This is correct. If you are building a project linking in the CRT, you should ensure that all DLLs and libraries you build with use the same CRT. Mixing different CRT versions is unsupported and you will have undefined behavior. The possibilities for memory corruptions is the most prominent effect one might observe, but there are other problems/issues this will cause too.
Digging a bit I found this thread [1] that highlights a similar CRT issue in 
python modules such as psycopg2 (which I use for PostGreSQL) that use the CRT 
internally...

[1] https://groups.google.com/forum/#!topic/modwsgi/ATtKX6qWLXc
As far as I skimmed through the thread the problem here is not with python being compiled using VC9, but rather the module the python script tries to load (psycopg2, which according to the web seems to be some postgre-sql-related library) was compiled with a different CRT than the Apache binaries. That's a general issue, yes, and that's why I don't distribute the svn-apache modules with MaxSVN, even though they are built as part of the buildprocess (and utilized for testing). It's imperative that the CRT for the Apache modules matches the ones used to build Apache and that only the distributor of the specific Windows Apache module can ensure.

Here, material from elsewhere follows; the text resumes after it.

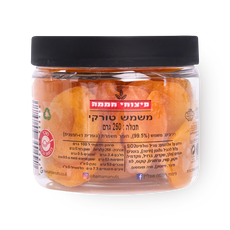 Turkish apricot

If you can guarantee to me that isn't going to happen then it would make my 
life easier!
I might miss something here which exceeds my knowledge (tbh I've only average experience with Apache httpd and python), but as long as there's nothing pulled in from python when you build Apache (and I'm quite sure that's not the case), python is just used as a build tool (for building SVN, Apache) and lateron as a script tool (from Apache). It doesn't matter how the python executable is build in this regard and which CRT it uses. It however matters a lot for the modules you'd pull in with the python import statement.